Suggested use:Wrap around your neck to warm yourself up, or throw over your shoulders as a shawl to add some texture to your outfit.
Divine Chocolate is co-owned by Kuapa Kokoo, a cocoa-growing cooperative in Ghana whose 85,000 farmer members get a share in the profits, a say in the company, and a voice in the global marketplace. Literally “good cocoa growers,” Kuapa Kookoo seeks to empower farmers in their efforts to gain a dignified livelihood, develop environmentally-friendly cultivation of cocoa, and increase women’s participation.
Margret Fianko (photo taken by Divine Chocolate) has been a member of the co-op for 13 years. Having never gone to school, Margret is learning numeracy and literacy through a program managed by Kuapa and using her new skills to manage money in her market stall. She hopes to one day be elected as a Kuapa recorder—someone responsible for buying cocoa from other Kuapa members.
Suggested use:Try one of the recipes we have included in the back of this booklet!
Your mug comes from Nabeul, a city on the Mediterranean coast of northeastern Tunisia and the center of Tunisian pottery. Many of the artisans who handpainted your mug have been working for Le Souk for years and their collaborative process has become a familiar dance.
The creation of your mug went something like this: Mokhtar manned the potter’s wheel, and Hichem painted the top and bottom lines of the mug and set the outline. Riadh then painted the honeycomb/seashell design, and Zouhaira and her teammates Olfa and Faten took turns adding in the dots of color. Finally, Ahmed painted the rim’s black border and Noureddine dunked the mug into a glaze to finish it.
Your mug’s skillfully painted lines evoke the air of peace, prosperity, and teamwork embodied by modern Tunisians. Enjoy!
Suggested use:Get creative with your hot drinks! Try steamed milk with honey...
Five hours from Oaxaca, in the town of San Pedro Jocotipac, Don Juan García and his family of artisan basket weavers sit together for hours a day weaving.
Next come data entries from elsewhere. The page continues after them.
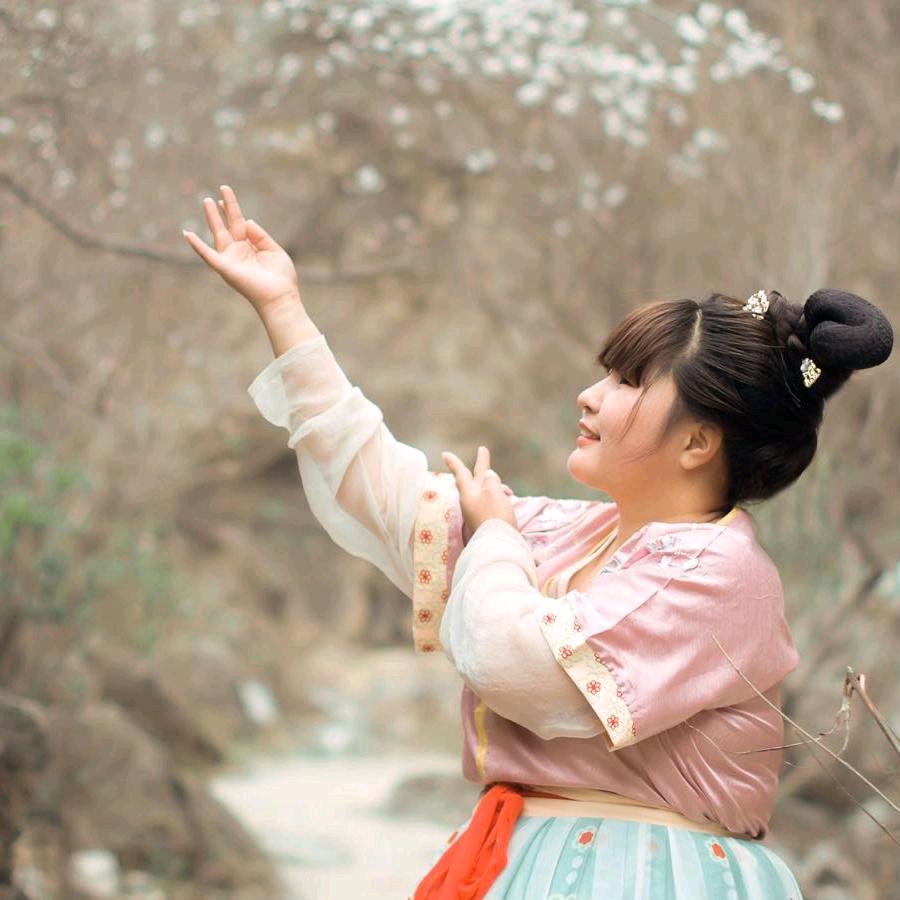 一🌈曲琵琶倾城梦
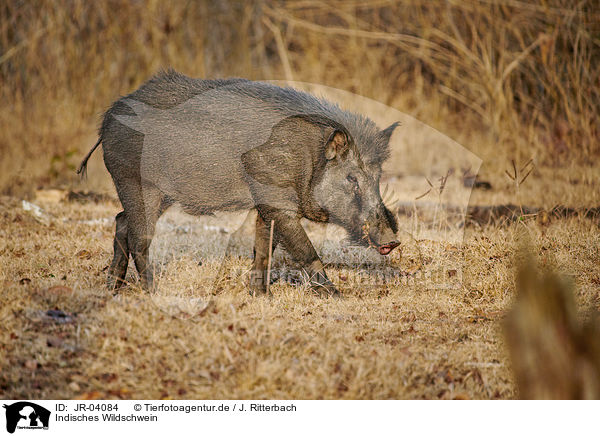 Indisches Wildschwein / Indian boar / JR-04084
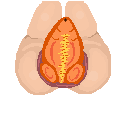 Teramons Gleap+
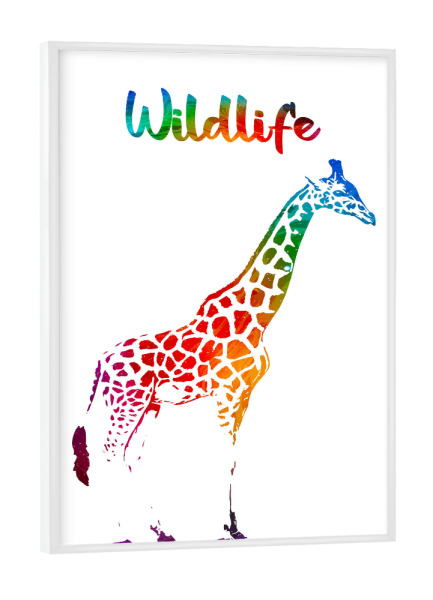 Poster mit weißem Rahmen "Giraffenkalb" artboxONE - Tiere - Tiere,Zoo,Wild,Kinder,Natur,Wildlife,Gehege,Afrika,Giraffe,Bunt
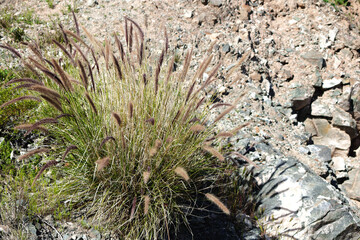 Clump of Fountain grass growing in Arizona xeriscaped road sides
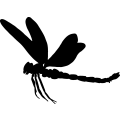 (image for) Dragon Fly 2 =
With a dexterity passed down through generations, ancestry come to life in the tireless work of fingers, they fashion the palms into vibrant, multi-colored baskets.
Don Juan and his family produce about 800 baskets per month. He then transports the baskets to Oaxaca where they are picked up by Marina Lopez, who coordinates with GlobeIn.
For the people of the Mixteca region, as this part of Mexico is known, basket-weaving is a way of life that also sustains life. Thanks to the money earned through collaboration with GlobeIn, Don Juan has increased his production and is saving to become a small business owner.
Suggested use:Pay it forward—use your baskets as gift boxes for friends and save on wrapping paper.